§ Work order
Please make an exact transcription of the records, keeping the pictures out of it.

§ Supplied records
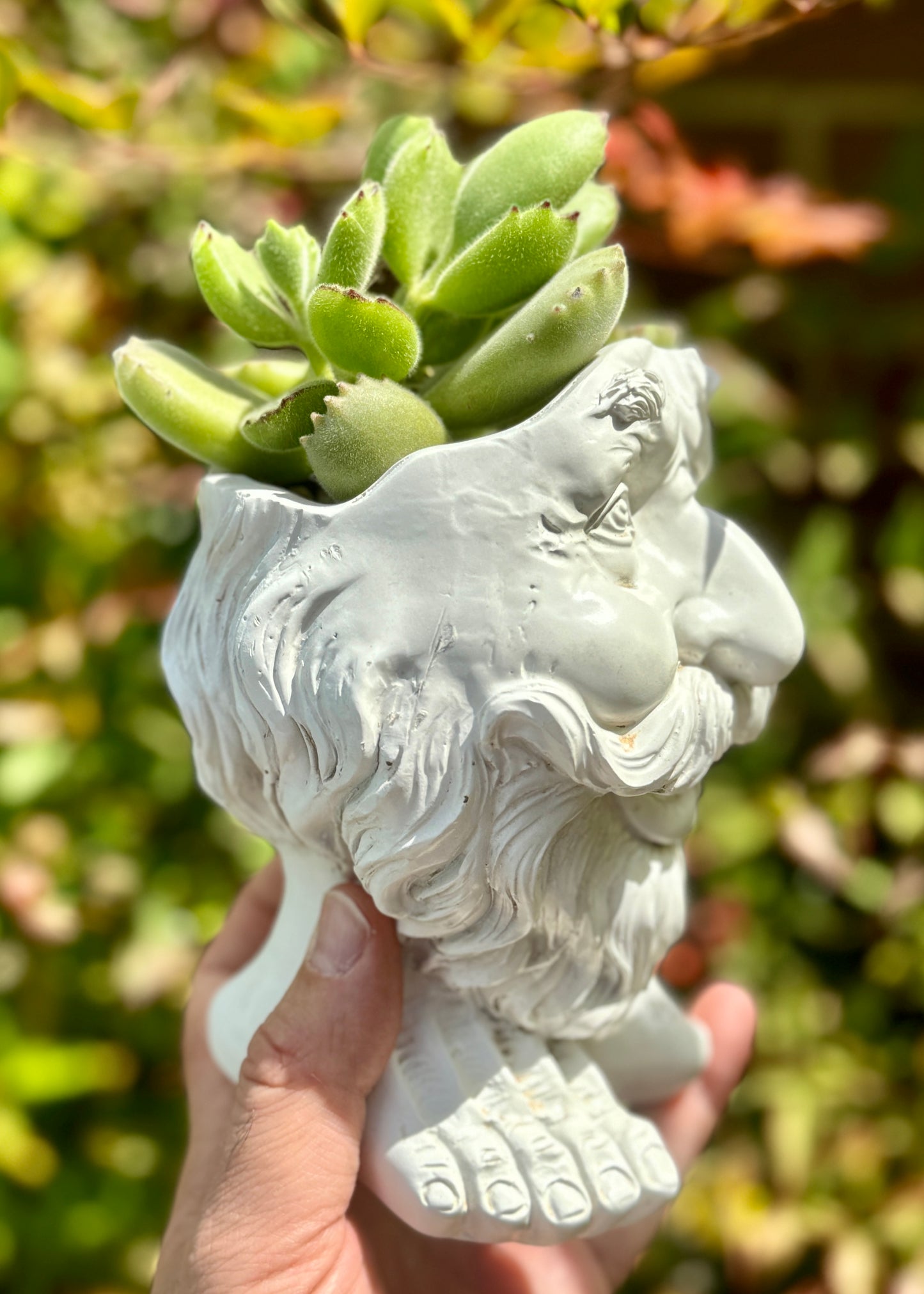 Cotyledon Tomentosa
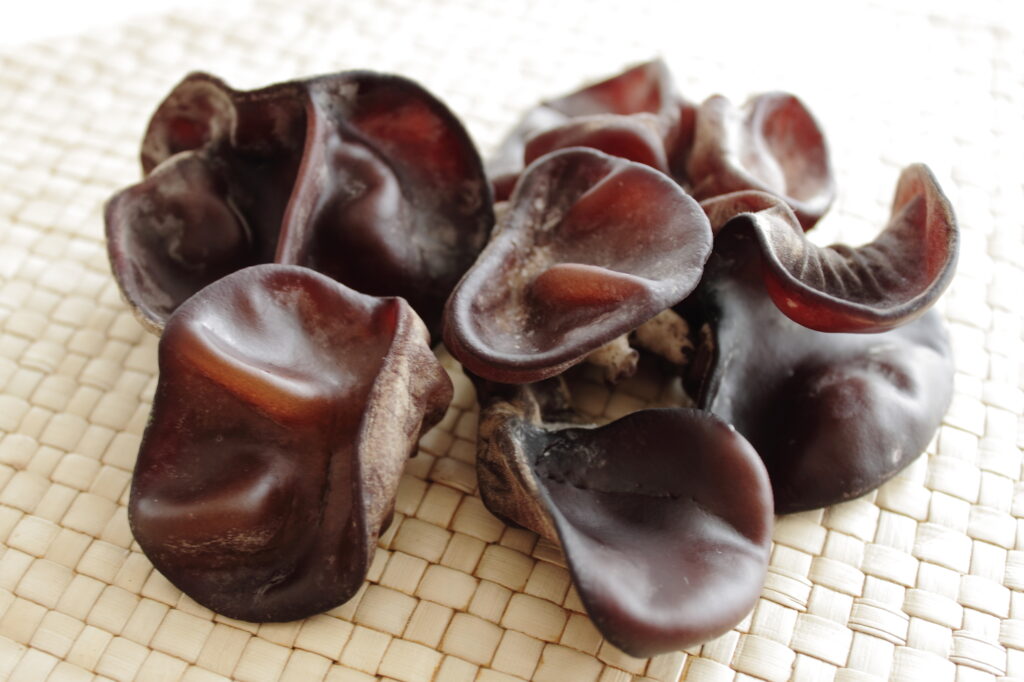 栄養豊富なきくらげ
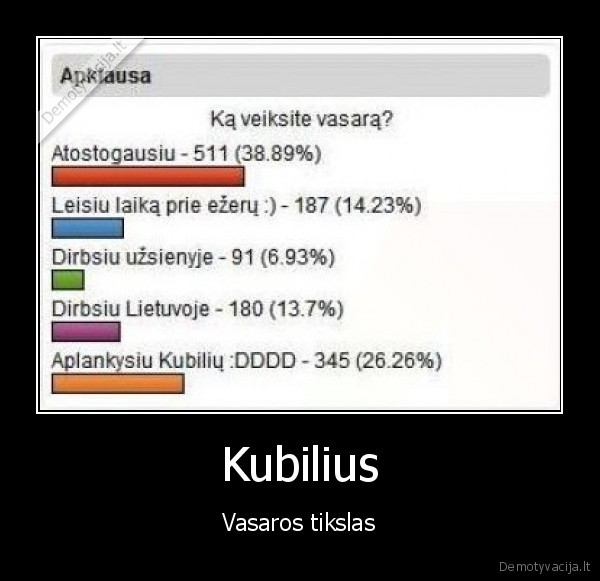 kubilius, vasara, patriotiskumas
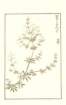 photo76_small.jpg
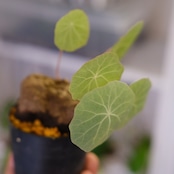 Stephania kaweesakii / ステファニア カウィーサキー㊴/ 観葉植物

§ Answer area
 Cotyledon Tomentosa
 栄養豊富なきくらげ
 kubilius, vasara, patriotiskumas
 photo76_small.jpg
 Stephania kaweesakii / ステファニア カウィーサキー㊴/ 観葉植物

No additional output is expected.